The electronic control unit 102 has a fail-safe (safety function) circuit inside, and monitors each wheel speed sensor 101, the actuator 103, and its own electronic control circuit to detect an abnormality. Then, the ABS function is stopped and the normal braking state is set, and the warning light of the warning display unit 104 provided on the meter in the vehicle compartment is turned on. This allows the occupant to know whether or not the ABS function is working in the current state.

[0006]

However, in such a conventional electromechanical integrated ABS device, the electronic control unit integrated with the actuator unit is installed in the engine room of a vehicle in a severe temperature and humidity environment. Therefore, there is a problem that dew condensation occurs on the printed circuit board of the electronic control unit.

The present invention has been made in view of the above problems of the prior art, and automatically detects the dew condensation on the printed circuit board of the electronic control unit and automatically eliminates it. It is an object of the present invention to provide an antilock brake device that can be used.

[0008]

In order to achieve the above object, an antilock brake device of the present invention according to claim 1 electrically drives an actuator section for mechanically adjusting a brake pressure applied to a wheel. In an electromechanical integrated type anti-lock brake device integrally provided with an electronic control unit for dynamically controlling, at least one dew condensation sensor provided on a printed circuit board constituting the electronic control unit and the dew condensation sensor. And a controller for sending out a heater signal for eliminating the dew condensation on the printed circuit board based on the output signal of the above.

In the anti-lock brake device according to the present invention, the dew condensation sensor is provided on the printed circuit board, and the controller eliminates the dew condensation on the printed circuit board based on the output signal from the dew sensor. Since the signal is sent, even if the electronic control unit is installed outside the vehicle compartment where dew condensation is likely to occur, it can be eliminated and normal control can be executed.

The control unit relating to the antilock brake device according to claim 1 can be incorporated into an electronic control portion of the antilock brake device itself, but the antilock brake device according to claim 2 is the control device. The part is provided in an in-vehicle electronic control device installed in a vehicle compartment.

Since the electronic control unit of the electromechanical anti-lock brake device is provided outside the vehicle compartment, if the control unit is incorporated therein, dew condensation may occur in the control unit. Therefore, if the control unit is incorporated into another electronic control unit in the vehicle compartment as in the antilock brake device according to the second aspect, there is no risk of dew condensation at least in this control unit, and normal control of the electronic control unit is performed. Condensation can be removed. This control unit can be provided independently in the vehicle compartment, but it is more preferable to use an electronic control device installed in almost all vehicles, such as an electronic control device for an airbag and an electronic control device for an engine.

In the antilock brake device according to claim 1 or 2, the specific means for eliminating the dew condensation is not particularly limited, but the antilock brake device according to claim 3 has the control unit on the printed circuit board. It is characterized in that it has a heater portion for eliminating the dew condensation by a heater signal from. This is because dew condensation can be extinguished by the heat generated from the heater section.

In the antilock brake device according to the third aspect, the heater portion provided on the printed circuit board can be separately provided for eliminating the dew condensation.
According to a fourth aspect of the present invention, the anti-lock brake device is characterized in that the heater portion is a conductive paste portion applied on a signal print line of the printed circuit board. Since a conductive paste portion for preventing noise radiated from the input / output signal line of the IC chip is formed on the printed circuit board, it is necessary to separately form a heater portion by using this together with the heater portion. Because there is no.

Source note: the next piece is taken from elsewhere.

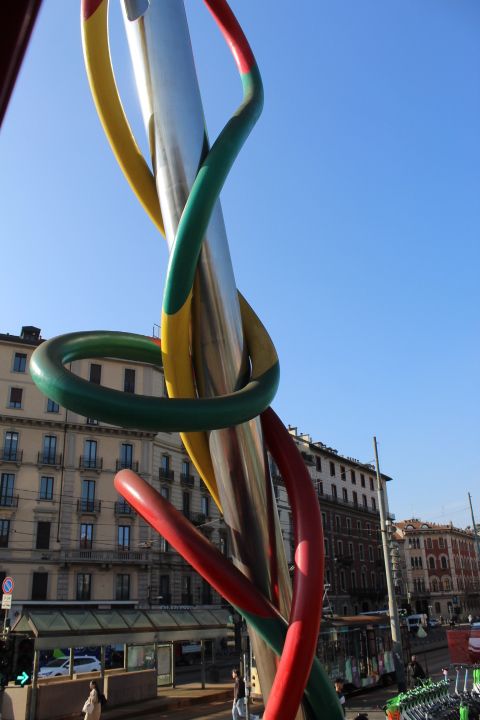 La sculpture publique intitulée "Ago, Filo e Nodo" (Aiguille, Fil et Nœud), photo gratuite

In the antilock brake device according to any one of claims 1 to 4, the type of the dew condensation sensor is not particularly limited, but in the antilock brake device according to the fifth aspect, the dew sensor has a negative electric resistance characteristic with respect to humidity. It is characterized by comprising a certain humidity sensor. Even if dew condensation occurs on the signal transmission print line of the dew condensation sensor and the output electric resistance value of the dew condensation sensor decreases, the recognition of the humidity based on this decreases the dew condensation. This is because you will not receive it.

[0015]

According to the antilock brake device of the first aspect, even if the electronic control unit is installed outside the vehicle cabin where dew condensation is likely to occur, it can be automatically detected and automatically eliminated. Therefore, normal control of the electronic control unit can be executed.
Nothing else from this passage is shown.